なぜ中国が学力ランキングで世界トップになったのか。

By KEN@上海, 2020/12/25

今回は、上海現地小学校国際部1年生に通う子供を持つ親として、なぜ中国の学力ランキングが世界トップなのか、上海の子供たちの状況を少しお伝えしたいと思う。

ここ数年、日本の学力が落ちてきた、順位が下がったと言われてるが、実際に、中国やシンガポール等の台頭はデータでも現れている。

上海のPISAランキング2018年は3分野全てで1位、TOP3は全て中華系。


出典:文部科学省・国立教育政策研究所 
https://www.nier.go.jp/kokusai/pisa/pdf/2018/01_point.pdf

OECD生徒の学習到達度調査(PISA)
OECDが進めているPISA(Programme for International Student Assessment)と呼ばれる国際的な学習到達度に関する調査に、我が国も参加しており当研究所が調査の実施を担当しています。PISA調査では15歳児を対象に読解力、数学的リテラシー、科学的リテラシーの三分野について、3年ごとに本調査を実施しています。https://www.nier.go.jp/kokusai/pisa/index.html#PISA2018

私の息子は、現在6歳で小学校1年生。
7月生まれなので、日本ならまだ幼稚園の年長さんの代であるが、中国では9月開始のため既に小学校へ入学している。

まず、前提として、中国では、外国人が入れる学校は3種類しかない。
1)日本人学校(日本政府が補助しているが一応私立で学費は月数万円程度)
2)外資系のインターナショナルスクール(私立のみで学費は月15〜30万円以上)
3)ローカルのインターナショナルスクール(公立と私立で学費は月10〜30万円以上)

うちの子は、上海市実験学校国際部という公立のインターナショナルスクールに通っていて、そこは外国人か外国に何かしらのルーツのある中国人しか入れない。公立でも国際部はどこも私立並の学費がかかる。

外国人オンリーと聞けば入りやすいのかと当初思ってたが、そこは人が多い中国、華僑や海外で生まれた等で国籍だけ外国籍の中国人がかなりいるので、受験での倍率は結構高い。私のような現地日本人家庭も国際化の流れから現地校国際部を希望する家庭も多く、皆さん受験対策している。
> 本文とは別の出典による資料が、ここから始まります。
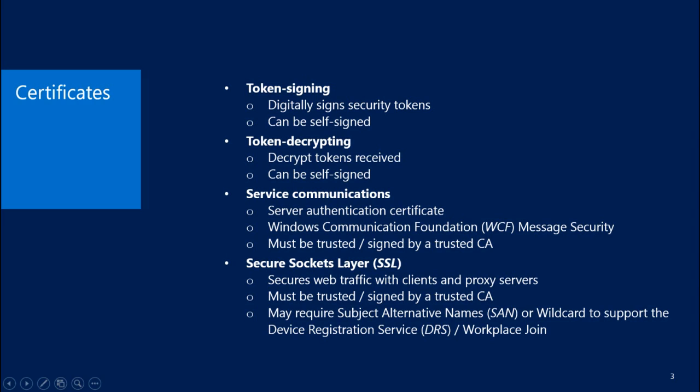Next is the Token Decrypting Certificate. This is used to decrypt security tokens that are received by ADFS. This can be self-signed and is automatically generated by default as well.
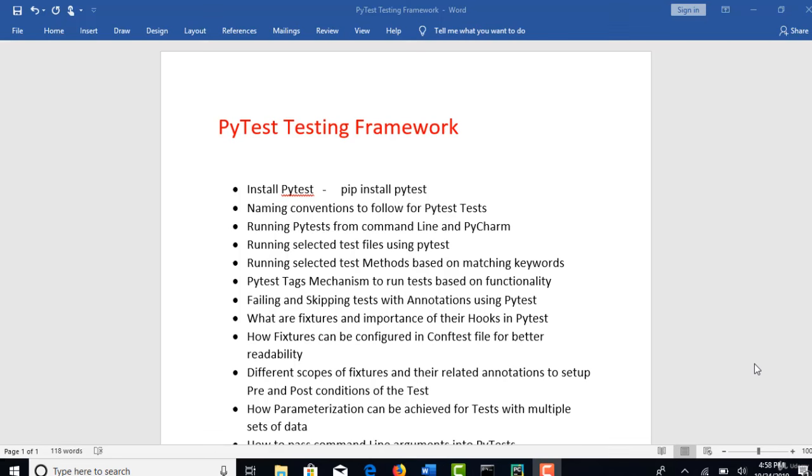Welcome to PyTest, a testing framework in Python. If you are already familiar with Java, there are some testing frameworks like JUnit and TestNG used to write automation test cases for Java. Similarly, for Python, there is a testing framework called PyTest.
上海市実験学校本校は入りづらい学校として有名で、小中高一貫教育で本来12年かかるところを10年で終える。(中国は飛び級で大学入学できる)うちの子は国際部なので、小中しかなく、同じではないが、一部カリキュラムも共有しているので、厳しさは似ているようだ。

ただ、インターといっても、ほとんどが中華系の子が中心。
日本人はクラスにうちの子ともうひとりだけ、あとは、アメリカ籍や台湾、香港等の中華系の子がメイン、白人はほぼいない。いたとしてもハーフの子である。
この学校の特徴としては、英語だけでなく中国語もしっかりと教える事。
外資系のインターは基本的には英語オンリーだから、中国語を覚えさせたい親御さんにマッチすると言える。
また、それ以外の学科もかなりしっかりと教えるので、いわゆる自由なインターではなくて、学力もつけさせたいという中華系の人たちの要望にもマッチしてるのだろう。

時間割表をみてみると、小1でも、毎日8コマもある。
宿題も数学、英語、中国語とほぼ毎日出される。
体育や芸術系は日本と比べると少ない。
クラブ活動は、放課後毎日あるが、全て有料で外部コーチを招いた選択式で、やりたい人だけがやるという方式。
スポーツだでなく、レゴ、ピアノ、ギター等もあったりしてクラブというより習い事という感じが強い。うちの子は、今はサッカー、レゴとギターをやっていて、週末は私と一緒に空手もやっている。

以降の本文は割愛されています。